Soeben traf Dein lieber Brief vom 31.10. ein. Den vom 30.10 und 1.11. habe ich ja gestern erhalten. Ich beantworte ihn heute Abend, wenn ich richtig Ruhe dazu habe. Da freut es mich viel mehr, als wenn es so in Eile geschehen muß.  Nimm heute bitte mit diesem kurzen Brief vorlieb und sei recht oft und herzlich gegrüßt und geküßt von Deiner Annie.

Mein lieber Ernst!                                              Konstanz, 9.Nov. abends

Es ist ¼ 10 Uhr und Feierabend für mich. Gebadet habe ich auch schon, so daß ich also blitzsauber an Dich schreibe.  Wie ich Dir heute schon schrieb, habe ich Deinen lieben Brief vom 31.10. erhalten, nachdem bereits gestern der vom 1.11. eingetroffen ist. Ich danke Dir recht herzlich.  Der 1.November war hier ein Tag wie alle. Die Geschäfte hatten geöffnet und auch die Kinder sind in die Schule gegangen, nur daß eben viele Leute den Friedhof besuchten.  Du schreibst vom Brennmaterial sammeln und hast sehr recht, wenn Du meinst, man solle diese Zeiten nicht vergessen. Vor allen Dingen für Dich war es ja manchmal eine schwere Schinderei. Gemessen an dieser Zeit stehen wir ja heute gut da. Ich bin auch immer wieder dankbar und froh, wenn ich unser Eigentum überblicke. Es hängen soviel Erinnerungen an den einzelnen Stücken. Wie froh waren wir immer, wenn wir wieder ein Stück dazu kaufen konnten. Jetzt haben wir es ja ganz schön und vor allen Dingen ist alles selbst erarbeitet. Das gibt allen Sachen doppelten Wert. Wir haben ja immer gesehen, daß wir voran gekommen sind.
Wenn Du für Helga Stoff und für Jörg einen Anzug kaufen willst, so bin ich gern einverstanden damit. Es ist nur so, daß ich Dir diesmal nicht viel schicken könnte. Ich habe 30,-Mk übrig und davon möchte ich ein paar Weihnachtsgeschenke kaufen.
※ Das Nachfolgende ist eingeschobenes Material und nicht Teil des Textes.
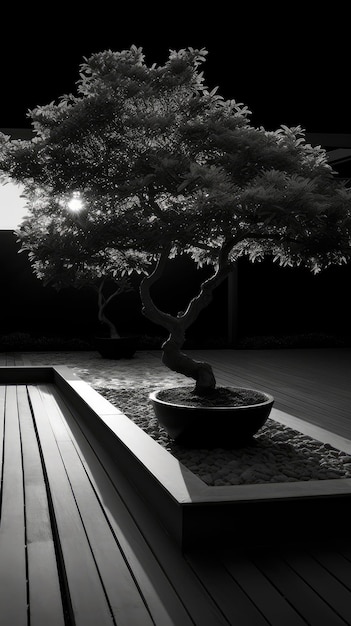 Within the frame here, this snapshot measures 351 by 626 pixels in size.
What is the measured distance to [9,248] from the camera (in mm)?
10383

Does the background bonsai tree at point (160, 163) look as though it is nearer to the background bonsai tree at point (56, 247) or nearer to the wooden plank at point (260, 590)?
the background bonsai tree at point (56, 247)

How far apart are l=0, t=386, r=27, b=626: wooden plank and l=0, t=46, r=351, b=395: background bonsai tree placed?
3.77 ft

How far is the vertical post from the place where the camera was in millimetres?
10562

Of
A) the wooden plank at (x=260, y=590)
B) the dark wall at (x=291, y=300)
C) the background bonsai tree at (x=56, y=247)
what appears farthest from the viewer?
the dark wall at (x=291, y=300)

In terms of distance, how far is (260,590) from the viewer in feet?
6.82

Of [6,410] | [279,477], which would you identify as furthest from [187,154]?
[6,410]

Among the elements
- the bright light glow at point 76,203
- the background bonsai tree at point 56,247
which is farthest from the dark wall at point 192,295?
the bright light glow at point 76,203

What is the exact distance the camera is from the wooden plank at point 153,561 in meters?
1.93

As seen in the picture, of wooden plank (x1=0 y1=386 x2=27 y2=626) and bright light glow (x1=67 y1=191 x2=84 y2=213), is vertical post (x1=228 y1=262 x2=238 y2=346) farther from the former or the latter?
wooden plank (x1=0 y1=386 x2=27 y2=626)

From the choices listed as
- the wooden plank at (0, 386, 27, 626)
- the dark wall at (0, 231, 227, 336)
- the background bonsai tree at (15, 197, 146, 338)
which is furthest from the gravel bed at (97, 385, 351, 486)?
the dark wall at (0, 231, 227, 336)

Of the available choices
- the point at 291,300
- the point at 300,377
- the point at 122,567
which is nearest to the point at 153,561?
the point at 122,567

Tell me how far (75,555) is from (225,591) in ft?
1.97

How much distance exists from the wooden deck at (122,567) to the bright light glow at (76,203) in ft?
5.10

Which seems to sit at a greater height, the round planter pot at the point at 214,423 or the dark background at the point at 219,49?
the dark background at the point at 219,49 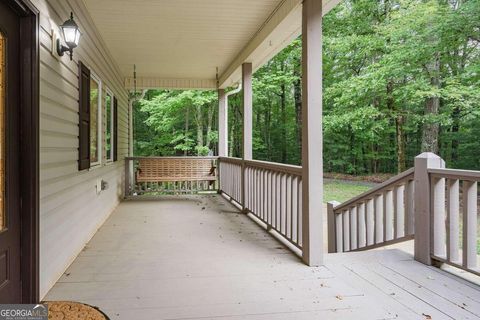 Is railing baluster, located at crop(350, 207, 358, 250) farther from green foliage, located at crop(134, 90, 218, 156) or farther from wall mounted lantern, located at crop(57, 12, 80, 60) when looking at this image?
green foliage, located at crop(134, 90, 218, 156)

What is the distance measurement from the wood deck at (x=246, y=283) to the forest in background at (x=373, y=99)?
6668 mm

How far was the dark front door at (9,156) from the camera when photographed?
2070 mm

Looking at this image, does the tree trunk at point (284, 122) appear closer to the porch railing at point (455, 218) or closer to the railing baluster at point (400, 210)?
the railing baluster at point (400, 210)

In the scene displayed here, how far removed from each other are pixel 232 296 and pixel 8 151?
1.72 meters

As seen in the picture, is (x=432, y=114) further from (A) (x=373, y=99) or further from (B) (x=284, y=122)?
(B) (x=284, y=122)

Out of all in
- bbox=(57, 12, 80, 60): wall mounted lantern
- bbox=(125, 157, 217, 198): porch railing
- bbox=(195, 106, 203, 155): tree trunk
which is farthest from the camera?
bbox=(195, 106, 203, 155): tree trunk

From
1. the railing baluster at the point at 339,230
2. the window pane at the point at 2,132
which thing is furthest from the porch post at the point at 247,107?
the window pane at the point at 2,132

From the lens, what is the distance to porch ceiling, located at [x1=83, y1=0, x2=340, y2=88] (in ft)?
13.1

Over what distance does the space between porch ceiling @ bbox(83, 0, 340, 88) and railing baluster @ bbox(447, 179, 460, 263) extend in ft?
6.69

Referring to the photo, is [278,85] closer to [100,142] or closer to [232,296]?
[100,142]

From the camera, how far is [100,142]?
16.5ft

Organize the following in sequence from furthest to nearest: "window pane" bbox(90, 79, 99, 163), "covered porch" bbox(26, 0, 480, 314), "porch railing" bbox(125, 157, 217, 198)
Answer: "porch railing" bbox(125, 157, 217, 198) < "window pane" bbox(90, 79, 99, 163) < "covered porch" bbox(26, 0, 480, 314)

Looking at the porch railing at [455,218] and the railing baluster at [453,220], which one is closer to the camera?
the porch railing at [455,218]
Es kommt mir aber von mir aus direkt unverschämt vor, wenn ich einfach verlange, daß Du Dein Geld alles für uns ausgeben sollst.  Du fragst auch noch nach besonderen Wünschen von mir. Du lieber Kerl, was soll ich mir noch wünschen, wo Du mich schon so verwöhnst.
Aber von Dir möchte ich gern einen Weihnachtswunsch hören. Zeit zum überlegen hast Du ja gehabt, denn ich habe des Dir schon gesagt, als Du auf Urlaub warst. Da gibt es also gar keine Ausrede, hörst Du? Du mußt Dich sofort hinsetzen und mir Deinen Wunsch schreiben. 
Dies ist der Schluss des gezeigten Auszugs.